# Cross grain joinery



## BalsaWood (Mar 25, 2015)

I noticed in tressel tables that there is cross grain construction in the apron. For example:

https://static1.squarespace.com/static/5446ce86e4b008b6c28db4ad/553bdca2e4b03925cdef1c2e/554d1844e4b0a8ade6d0083f/1431116552426/modern_trestle_dining_table.jpg?format=500w

How much cross grain joinery is acceptable before it blows up?


----------



## LittleShaver (Sep 14, 2016)

There is no apron on the the table in your picture. Where there are cross grain joints, they are probably M&T and are perfectly acceptable. The cross brace under the top is also likely attached with screws in slotted holes to allow the top to move.
As for how much is acceptable…It depends. Type and condition of the wood, joinery used, placement of glue or fasteners, etc. Less is better, too much is a variable.


----------



## CaptainKlutz (Apr 23, 2014)

+1 no apron on that table
+1 cross gain support likely has slotted holes holding the top down.

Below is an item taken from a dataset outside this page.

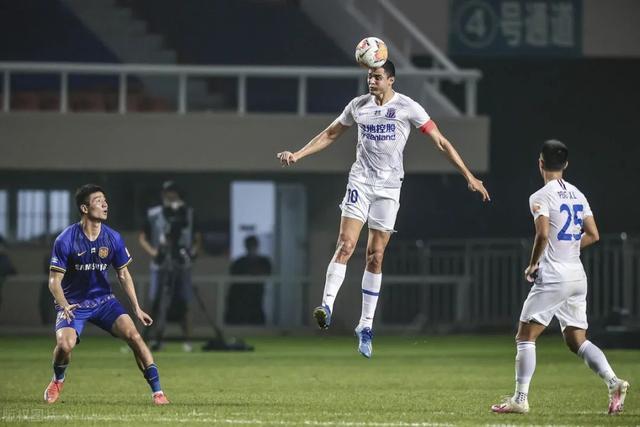  电竞选手伤病困扰，健康管理引关注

IME - typical amount of wood movement for a 30" wide top is 1/4-1/2" total as moisture changes from 0% to 15% typical for indoor furniture for typical domestic species of wood.

How much 'before it blows up' depends on joint type, and allowable wood warping. 
This topic is always spirited debate as everyone has different experience with furniture living at different RH values, and few have seen same pieces live for a hundred years and taken between tropics and desert.

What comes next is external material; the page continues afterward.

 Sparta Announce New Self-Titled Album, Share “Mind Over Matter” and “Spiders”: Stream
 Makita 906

Tons of references exist on WWW:
https://www.wood-database.com/wood-articles/wood-and-moisture/
https://www.popularwoodworking.com/materials/how-to-calculate-wood-shrinkage-and-expansion/
https://www.finewoodworking.com/2013/08/29/calculating-for-wood-movement

Easy to figure out wood movement. Fire up your calculator!

YMMV


----------



## SMP (Aug 29, 2018)

I think you are confusing gluing cross grain with cross grain joinery? Plenty of ways to join pieces cross grain to allow for movement, from dirt cheap z-clips, slotted holes as mentioned, or intricate joinery techniques.


----------



## BalsaWood (Mar 25, 2015)

Oops- that is the wrong picture that I provided. I was wondering what if the face was aligned with the edge instead of what you see now in that picture which is edge to edge.


----------



## rwe2156 (May 7, 2014)

What are you talking about?

A trestle is made using mortise and tenons.

Just gluing to boards together face to face cross grain can be done, but it is not structurally sound. In some cases a half lap joint is used.

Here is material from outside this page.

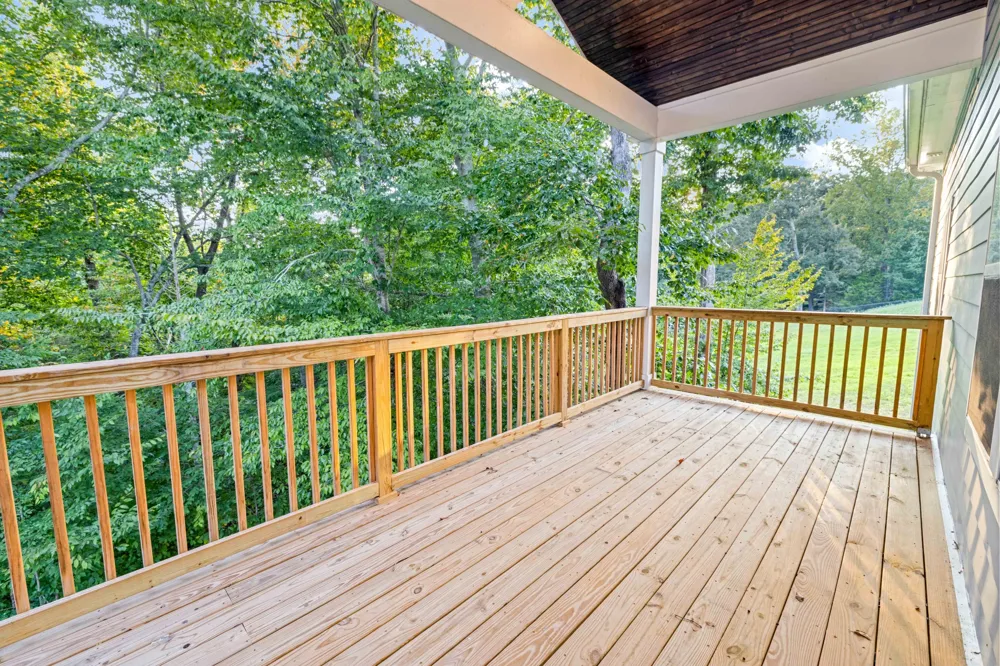 84 Devils Backbone Ln Manchester, TN 37355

Maybe that's what you're thinking about.


----------



## wormil (Nov 19, 2011)

What they said above, the cross piece on the underside is a support or batten, which are usually attached with screws through slotted holes and help support the top and keep it flat. The slots allow the screw to move with the top as it expands and contracts. It is performing a similar job as an apron but we don't call it that.


----------